→ YOUR TASK
All lines up to and including the one that contains "2025 Cadillac Escalade Premium Luxury" are to be transcribed exactly, starting from the first line of the records.

→ AVAILABLE DATA
---------------
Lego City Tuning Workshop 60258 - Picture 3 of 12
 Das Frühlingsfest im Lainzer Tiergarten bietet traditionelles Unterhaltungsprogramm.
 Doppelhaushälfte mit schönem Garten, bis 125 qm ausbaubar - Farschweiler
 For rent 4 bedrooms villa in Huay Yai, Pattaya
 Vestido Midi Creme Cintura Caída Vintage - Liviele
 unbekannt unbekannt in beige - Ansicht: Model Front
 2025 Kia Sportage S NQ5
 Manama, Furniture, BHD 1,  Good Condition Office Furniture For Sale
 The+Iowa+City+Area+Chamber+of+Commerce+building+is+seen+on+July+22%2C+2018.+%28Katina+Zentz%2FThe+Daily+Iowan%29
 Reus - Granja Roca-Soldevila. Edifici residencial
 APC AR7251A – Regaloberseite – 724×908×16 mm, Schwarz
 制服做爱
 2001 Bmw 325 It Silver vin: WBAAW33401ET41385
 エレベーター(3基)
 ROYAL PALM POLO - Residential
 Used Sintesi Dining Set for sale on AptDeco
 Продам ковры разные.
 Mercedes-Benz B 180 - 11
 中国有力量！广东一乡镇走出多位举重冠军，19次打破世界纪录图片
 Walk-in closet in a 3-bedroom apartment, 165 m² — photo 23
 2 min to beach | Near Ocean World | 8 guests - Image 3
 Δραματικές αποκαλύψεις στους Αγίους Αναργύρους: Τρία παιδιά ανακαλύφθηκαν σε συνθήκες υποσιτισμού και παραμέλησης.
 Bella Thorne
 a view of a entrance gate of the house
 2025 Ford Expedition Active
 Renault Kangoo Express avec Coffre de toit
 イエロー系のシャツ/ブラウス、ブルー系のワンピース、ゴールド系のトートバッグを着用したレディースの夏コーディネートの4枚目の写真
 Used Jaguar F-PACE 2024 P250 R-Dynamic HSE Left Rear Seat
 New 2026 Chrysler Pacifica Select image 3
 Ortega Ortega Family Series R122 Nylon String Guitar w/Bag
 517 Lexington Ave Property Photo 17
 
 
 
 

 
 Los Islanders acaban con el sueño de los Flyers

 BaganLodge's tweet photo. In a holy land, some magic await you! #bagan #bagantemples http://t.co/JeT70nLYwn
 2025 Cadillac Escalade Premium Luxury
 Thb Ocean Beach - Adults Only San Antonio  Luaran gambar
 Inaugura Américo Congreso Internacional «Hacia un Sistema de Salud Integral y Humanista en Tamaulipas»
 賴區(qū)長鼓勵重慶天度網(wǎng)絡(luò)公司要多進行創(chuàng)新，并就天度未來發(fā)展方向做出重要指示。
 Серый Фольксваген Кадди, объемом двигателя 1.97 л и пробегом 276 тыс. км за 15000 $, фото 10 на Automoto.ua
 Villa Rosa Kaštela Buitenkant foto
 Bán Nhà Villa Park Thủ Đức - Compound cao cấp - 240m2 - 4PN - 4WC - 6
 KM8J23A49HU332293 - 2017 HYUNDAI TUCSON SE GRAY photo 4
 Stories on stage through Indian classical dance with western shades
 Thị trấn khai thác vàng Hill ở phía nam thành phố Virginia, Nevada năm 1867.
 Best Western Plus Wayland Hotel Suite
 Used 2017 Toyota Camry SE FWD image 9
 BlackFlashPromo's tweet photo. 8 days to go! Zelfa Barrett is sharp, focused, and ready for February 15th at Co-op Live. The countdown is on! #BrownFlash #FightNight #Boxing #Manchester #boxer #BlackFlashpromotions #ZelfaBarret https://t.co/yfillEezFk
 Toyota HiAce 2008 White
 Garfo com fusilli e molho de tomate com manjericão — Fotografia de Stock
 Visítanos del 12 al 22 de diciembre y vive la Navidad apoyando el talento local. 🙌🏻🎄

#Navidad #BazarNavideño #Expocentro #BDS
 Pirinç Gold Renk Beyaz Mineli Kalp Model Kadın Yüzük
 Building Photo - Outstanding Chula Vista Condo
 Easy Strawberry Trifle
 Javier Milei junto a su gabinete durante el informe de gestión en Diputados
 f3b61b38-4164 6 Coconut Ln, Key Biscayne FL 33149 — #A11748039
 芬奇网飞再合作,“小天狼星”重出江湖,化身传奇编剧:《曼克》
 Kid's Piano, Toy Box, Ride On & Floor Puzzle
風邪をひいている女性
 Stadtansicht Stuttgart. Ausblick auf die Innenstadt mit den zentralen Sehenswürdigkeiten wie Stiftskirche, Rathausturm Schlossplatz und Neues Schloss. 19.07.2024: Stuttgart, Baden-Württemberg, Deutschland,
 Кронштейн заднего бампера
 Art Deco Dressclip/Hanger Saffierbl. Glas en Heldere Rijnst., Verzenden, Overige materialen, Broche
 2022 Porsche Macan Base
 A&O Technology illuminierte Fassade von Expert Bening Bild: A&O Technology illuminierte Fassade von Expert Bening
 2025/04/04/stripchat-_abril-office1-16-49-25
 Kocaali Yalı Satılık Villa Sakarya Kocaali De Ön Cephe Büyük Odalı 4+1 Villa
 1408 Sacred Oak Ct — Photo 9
---------------
→ RESPONSE TO THIS EXERCISE
Lego City Tuning Workshop 60258 - Picture 3 of 12
 Das Frühlingsfest im Lainzer Tiergarten bietet traditionelles Unterhaltungsprogramm.
 Doppelhaushälfte mit schönem Garten, bis 125 qm ausbaubar - Farschweiler
 For rent 4 bedrooms villa in Huay Yai, Pattaya
 Vestido Midi Creme Cintura Caída Vintage - Liviele
 unbekannt unbekannt in beige - Ansicht: Model Front
 2025 Kia Sportage S NQ5
 Manama, Furniture, BHD 1,  Good Condition Office Furniture For Sale
 The+Iowa+City+Area+Chamber+of+Commerce+building+is+seen+on+July+22%2C+2018.+%28Katina+Zentz%2FThe+Daily+Iowan%29
 Reus - Granja Roca-Soldevila. Edifici residencial
 APC AR7251A – Regaloberseite – 724×908×16 mm, Schwarz
 制服做爱
 2001 Bmw 325 It Silver vin: WBAAW33401ET41385
 エレベーター(3基)
 ROYAL PALM POLO - Residential
 Used Sintesi Dining Set for sale on AptDeco
 Продам ковры разные.
 Mercedes-Benz B 180 - 11
 中国有力量！广东一乡镇走出多位举重冠军，19次打破世界纪录图片
 Walk-in closet in a 3-bedroom apartment, 165 m² — photo 23
 2 min to beach | Near Ocean World | 8 guests - Image 3
 Δραματικές αποκαλύψεις στους Αγίους Αναργύρους: Τρία παιδιά ανακαλύφθηκαν σε συνθήκες υποσιτισμού και παραμέλησης.
 Bella Thorne
 a view of a entrance gate of the house
 2025 Ford Expedition Active
 Renault Kangoo Express avec Coffre de toit
 イエロー系のシャツ/ブラウス、ブルー系のワンピース、ゴールド系のトートバッグを着用したレディースの夏コーディネートの4枚目の写真
 Used Jaguar F-PACE 2024 P250 R-Dynamic HSE Left Rear Seat
 New 2026 Chrysler Pacifica Select image 3
 Ortega Ortega Family Series R122 Nylon String Guitar w/Bag
 517 Lexington Ave Property Photo 17
 
 
 
 

 
 Los Islanders acaban con el sueño de los Flyers

 BaganLodge's tweet photo. In a holy land, some magic await you! #bagan #bagantemples http://t.co/JeT70nLYwn
 2025 Cadillac Escalade Premium Luxury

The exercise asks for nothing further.